Die Wall Street reagierte dennoch euphorisch: Der S&P 500 legte um 0,78 Prozent auf 6.773,91 Punkte zu, der Nasdaq schoss um 1,37 Prozent nach oben. Technologiewerte profitierten besonders, angeführt von Micron Technology, dessen KI-getriebene Umsatzprognose die Erwartungen fast verdoppelte.
Fed-Chef Powell: „Es sind die Zölle, die Inflation verursachen“
Die Federal Reserve hat ihre Leitzinsen zuletzt um 25 Basispunkte auf 3,50 bis 3,75 Prozent gesenkt, signalisierte aber unmittelbar danach einen Kurswechsel. Fed-Chef Jerome Powell machte in seiner Pressekonferenz deutlich: „Es sind wirklich die Zölle, die den größten Teil der Inflationsüberschreitung verursachen.“ Händler sehen nur noch eine 58-prozentige Wahrscheinlichkeit für eine weitere Zinssenkung im März.
Die Arbeitsmarktdaten bleiben widersprüchlich. Die Erstanträge auf Arbeitslosenhilfe fielen auf 224.000 – ein Zeichen für Stabilität. Doch die Arbeitslosenquote stieg im November auf 4,6 Prozent, den höchsten Stand seit September 2021. Trumps Handelspolitik belastet die Einstellungsbereitschaft der Unternehmen massiv. Eine Umfrage unter 548 Finanzchefs ergab, dass Zölle nach wie vor ihre größte Sorge darstellen.
Europäische Zentralbank: Pausentaste gedrückt
Die Europäische Zentralbank hat ihre Zinsen seit Juni konstant bei 2 Prozent gehalten und ließ durchblicken, dass die Lockerungsphase vorerst beendet ist. Trotz verbesserter Wachstums- und Inflationsprognosen vermied EZB-Präsidentin Christine Lagarde jegliche Forward Guidance. Die Händler bleiben skeptisch und wagen keine starken Wetten auf Zinserhöhungen.

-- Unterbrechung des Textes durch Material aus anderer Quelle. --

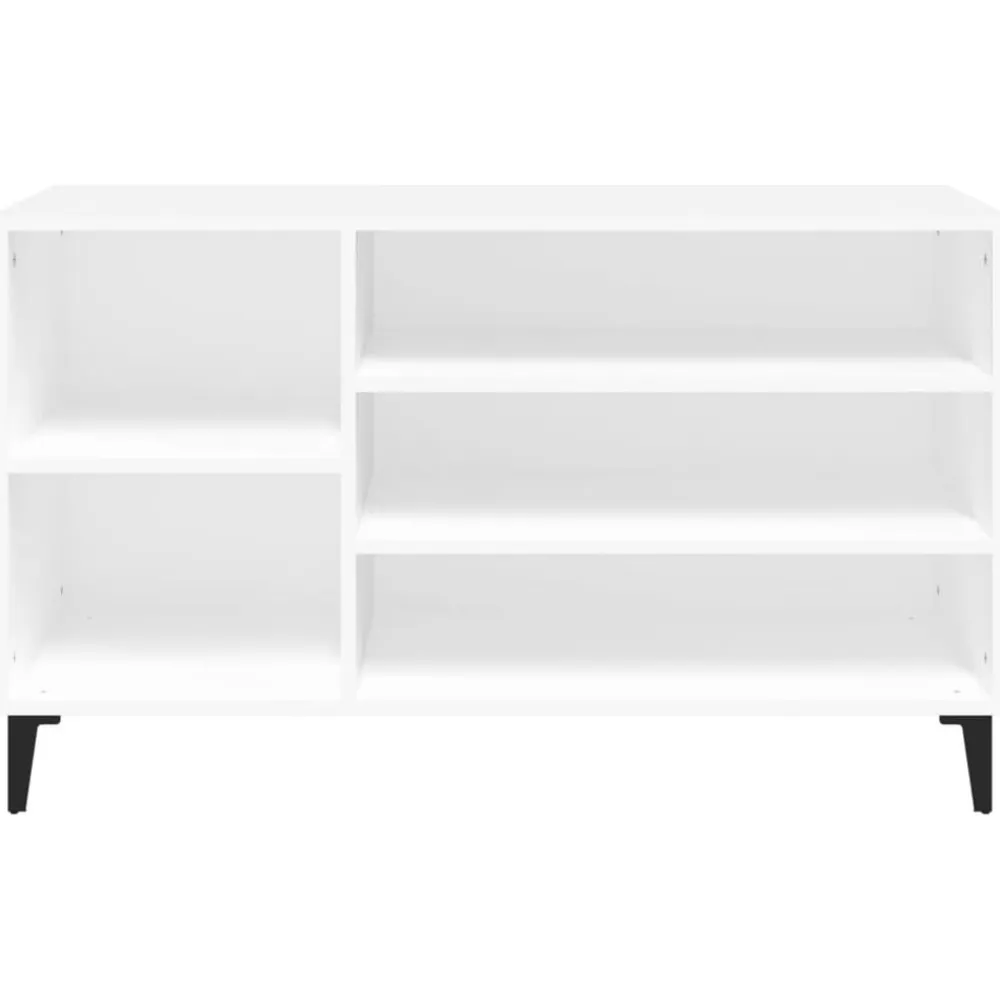 vidaXL Productos Del Hogar-Zapatero madera contrachapada 102x36x60 cm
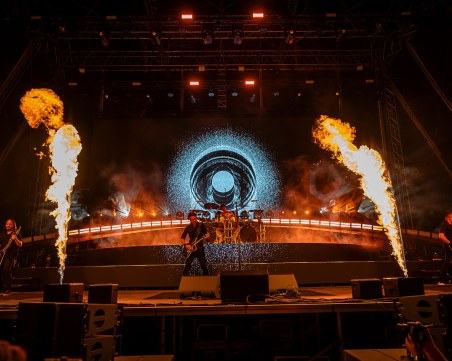 Френската стихия Gojira с грандиозен спектакъл на Hills of Rock – изпрати важно послание пред над 14 000 души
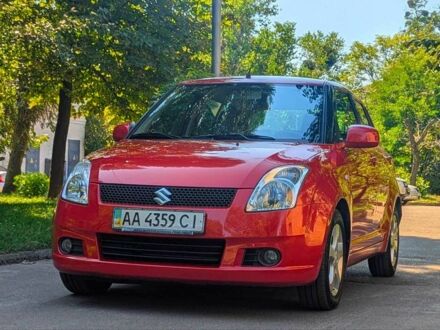 Сузуки Свифт 2007 в Киеве на Automoto.ua Красный Сузуки Свифт, объемом двигателя 1.3 л и пробегом 206 тыс. км за 5500 $, фото 1 на Automoto.ua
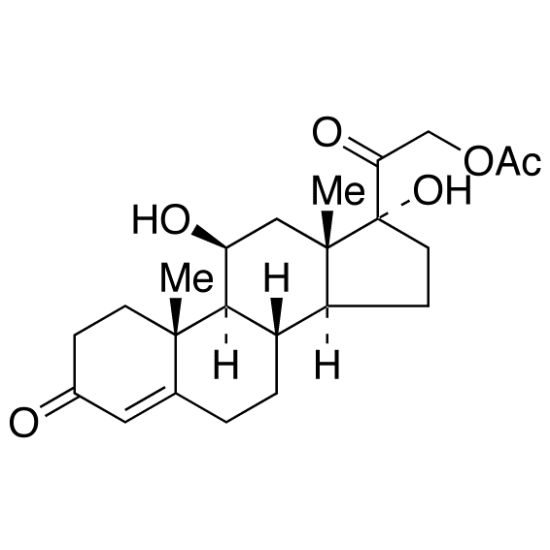 17?-Hydrocorticosterone-21-acetate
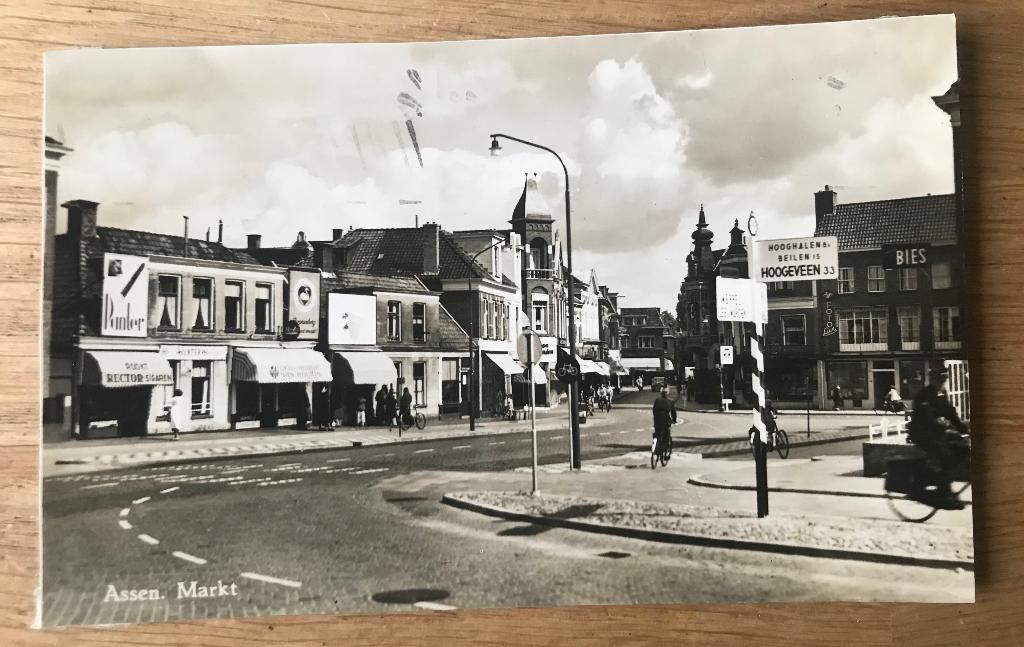 Ansichtkaart Assen, Utrecht, Ede, Lent, Nijmegen, Walcheren, Ophalen of Verzenden, Voor 1920, Gelderland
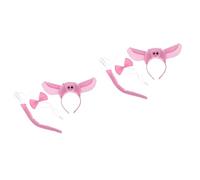 SOIMISS 6piezas Accesorios De Disfraz De Cerdito Diadema Pajarita Cosplay Adultos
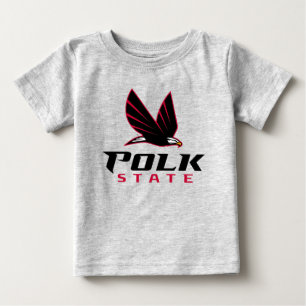 Polk State Eagles Baby T-Shirt
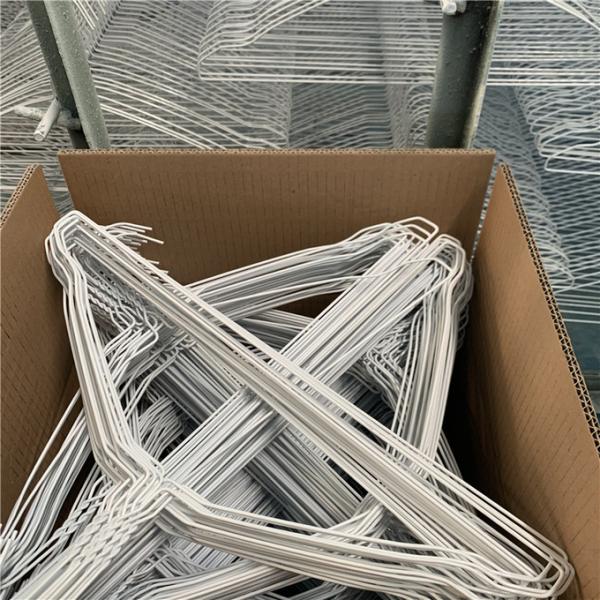 16/18 Inches Dry Cleaning Hanger Sturdy Wire and Wide Width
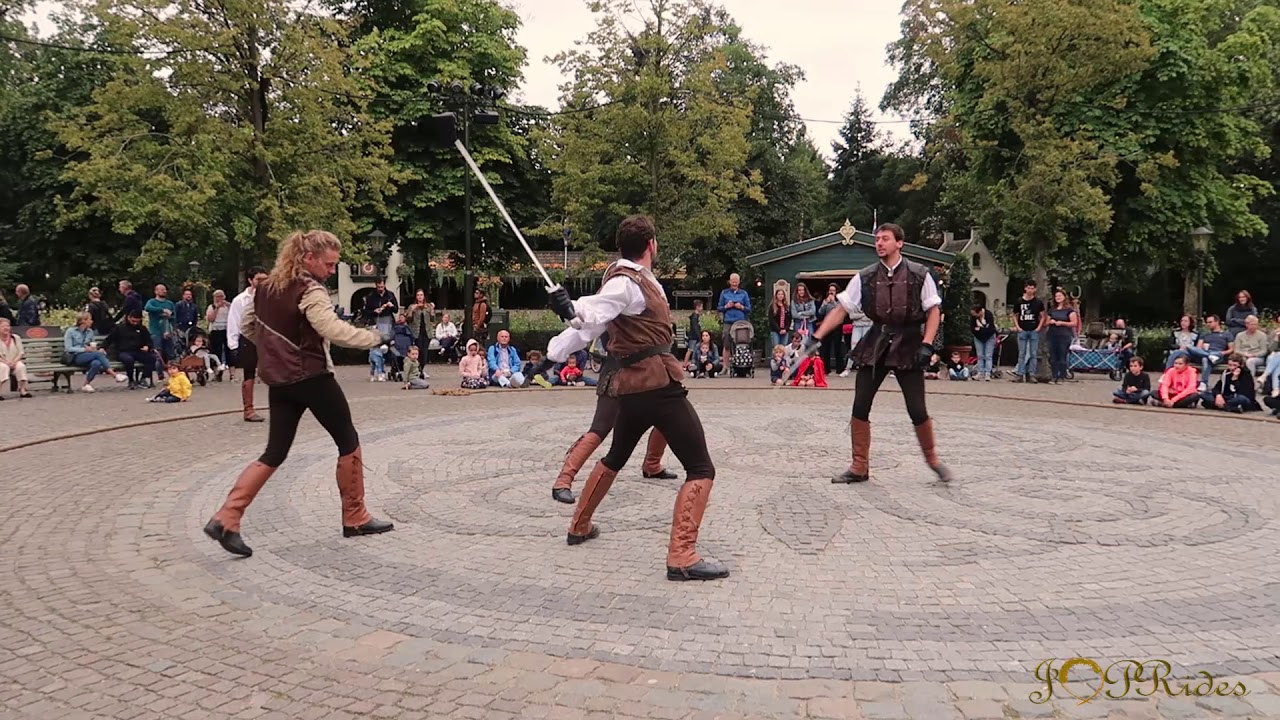 Tijdelijke Raveleijn-act @Efteling 2019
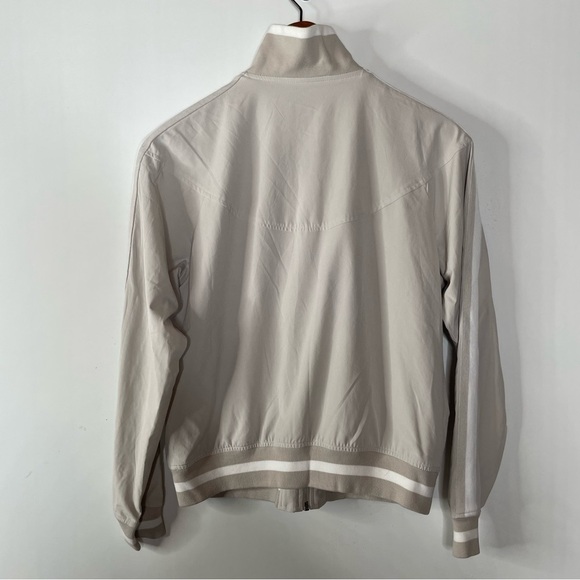 Athleta Sprint Track Jacket Gray Size Xsmall‎ - Picture 4 of 8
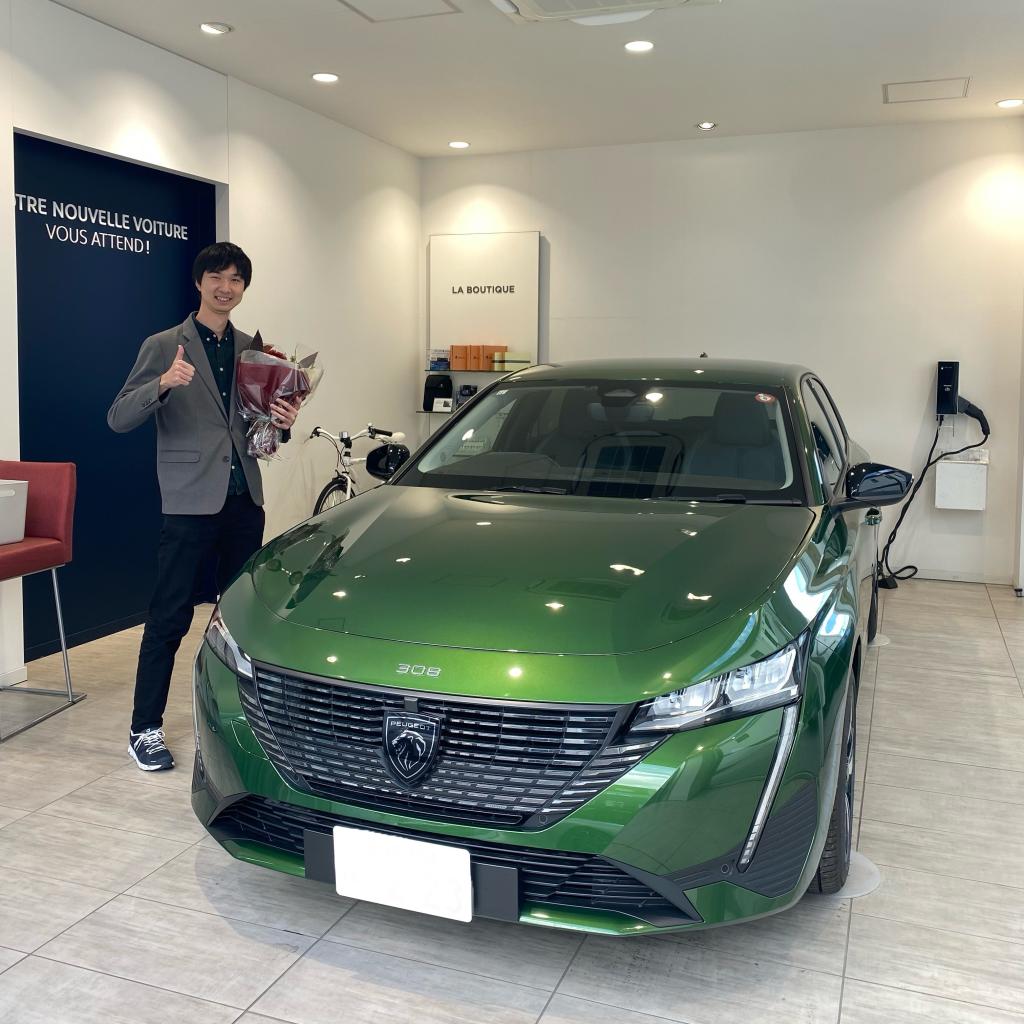 【308Allure】ご納車御礼☆
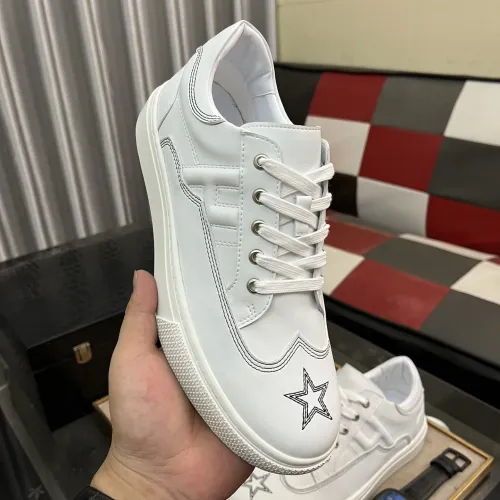 Replica Hermes Casual Shoes For Men #1391894 $76.00 USD for Wholesale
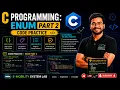 C Programming Enum Part 2 Enum Explained with Examples Embedded C Tutorial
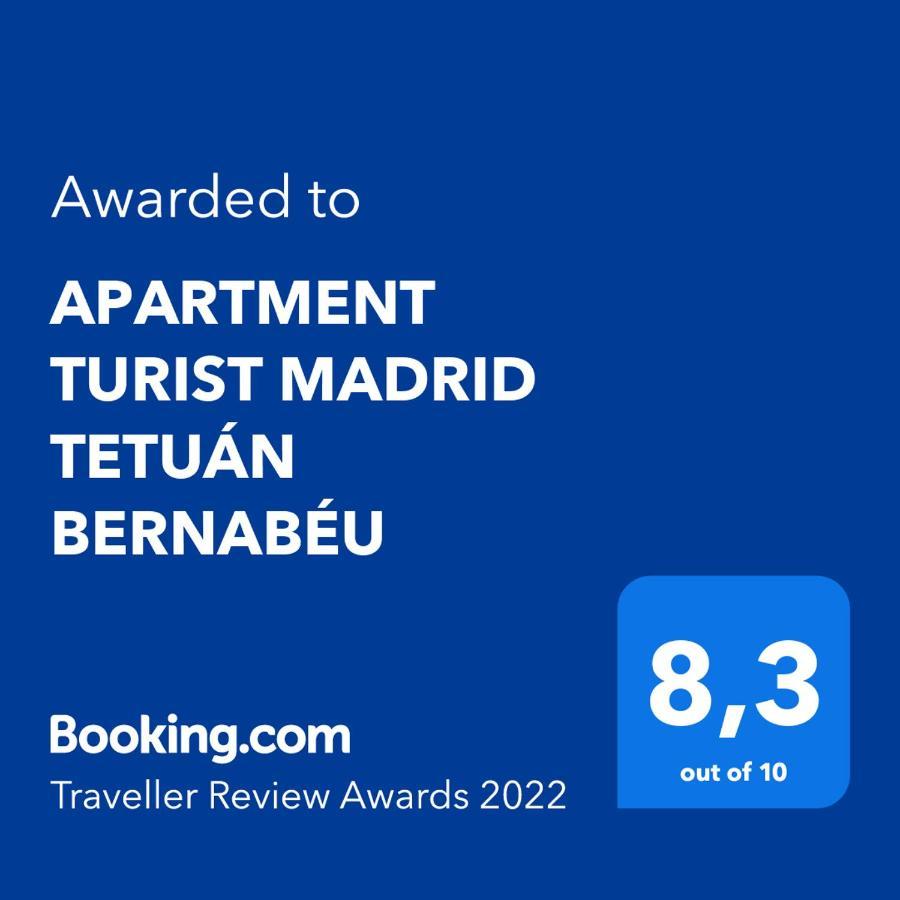 Precioso Cerca Tetuan - Apartamento Plaza Castilla Madrid Dış mekan fotoğraf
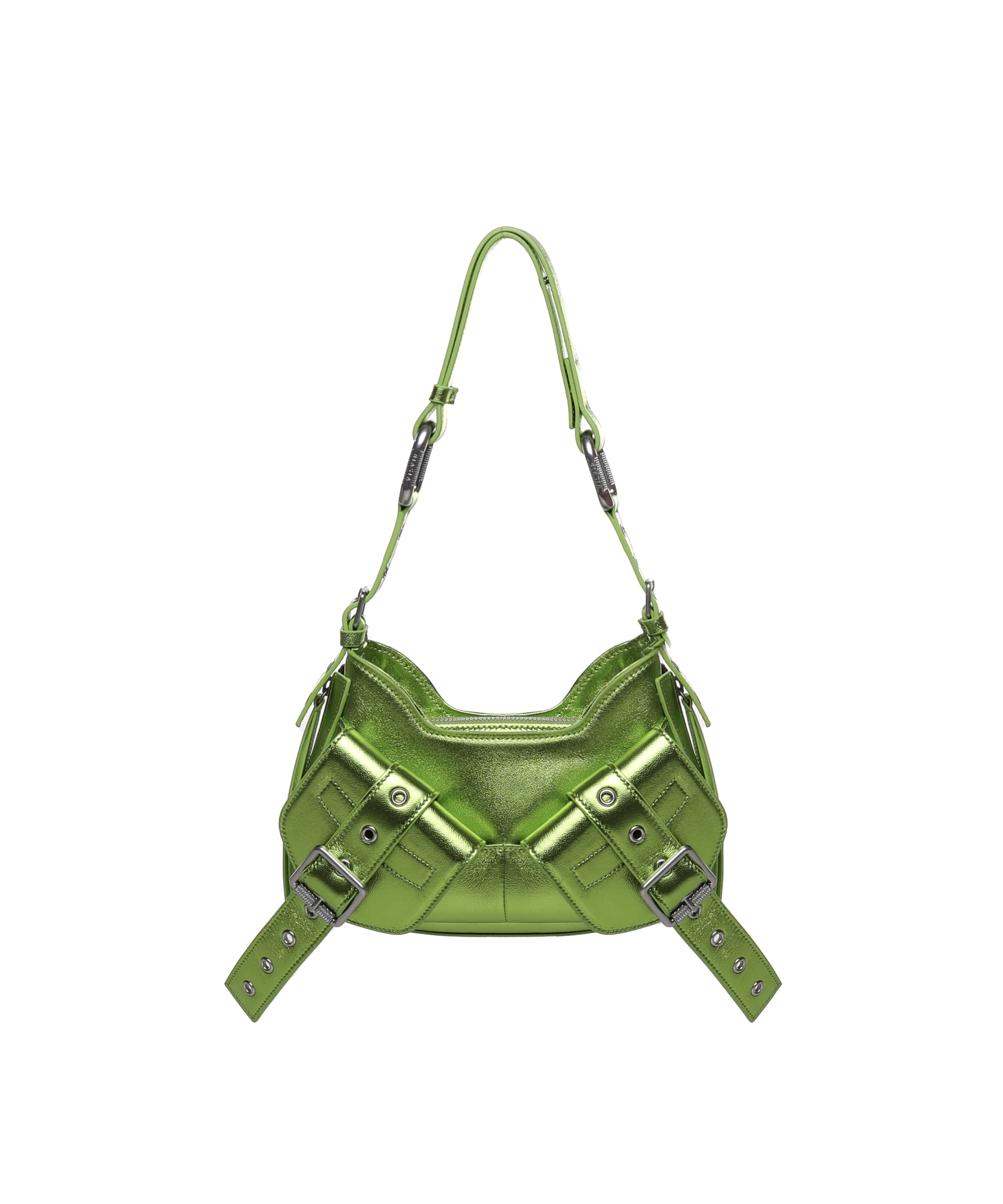 Borsa a spalla Y2K.002 FBBP70002LAM -KIWI/NIKEL BIASIA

Ähnlich zurückhaltend gibt sich die Bank of England. Sie senkte die Zinsen zwar auf 3,75 Prozent, doch die Entscheidung fiel denkbar knapp aus. Gouverneur Andrew Bailey erwartet, dass die britische Inflation bis April oder Mai auf das 2-Prozent-Ziel zurückkehrt – ein Jahr früher als zuvor prognostiziert. Dennoch warnte er: „Die Entscheidungen werden enger, und ich erwarte, dass sich das Tempo der Zinssenkungen verlangsamt.“
Australien könnte als erste Zinserhöhung vornehmen
Die Reserve Bank of Australia positioniert sich am aggressivsten. Sie hielt die Zinsen bei 3,6 Prozent stabil und stellte klar: Der nächste Schritt könnte nach oben gehen. Diese Warnung verlieh dem australischen Dollar Auftrieb und belastete Staatsanleihen. Die Märkte preisen mittlerweile eine Zinserhöhung bis Juni 2026 vollständig ein, mit guten Chancen bereits im Mai.
Brasilien steht vor einer ähnlichen Herausforderung. Die Zentralbank hält die Zinsen auf dem höchsten Niveau seit fast zwei Jahrzehnten bei 15 Prozent. Präsident Gabriel Galipolo betonte einen strikt datenabhängigen Ansatz und ließ alle Optionen offen. Präsident Lula da Silva äußerte sich optimistisch: „So wie wir Regen riechen können, spüre ich, dass die Zinsen bald sinken werden.“ Doch die meisten Ökonomen erwarten erst im März eine Lockerung.
Mexiko senkt trotz steigender Inflationsrisiken
Die Bank of Mexico reduzierte ihren Leitzins erwartungsgemäß um 25 Basispunkte auf 7,0 Prozent – den niedrigsten Stand seit April 2022. Die Entscheidung war gespalten: Vizegouverneur Jonathan Heath stimmte bereits zum fünften Mal in Folge gegen eine Senkung. Die Kerninflation beschleunigte sich im November von 4,28 auf 4,43 Prozent.
Die Bank hob ihre Inflationsprognosen für das vierte Quartal 2025 und die ersten beiden Quartale 2026 an, vor allem wegen hartnäckiger Dienstleistungsinflation. Trotzdem erwartet Banxico, dass die Gesamtinflation bis zum dritten Quartal 2026 das 3-Prozent-Ziel erreicht. Analysten sind gespalten: Die Hälfte rechnet mit weiteren Zinssenkungen bis Ende März, die andere mit einer Pause.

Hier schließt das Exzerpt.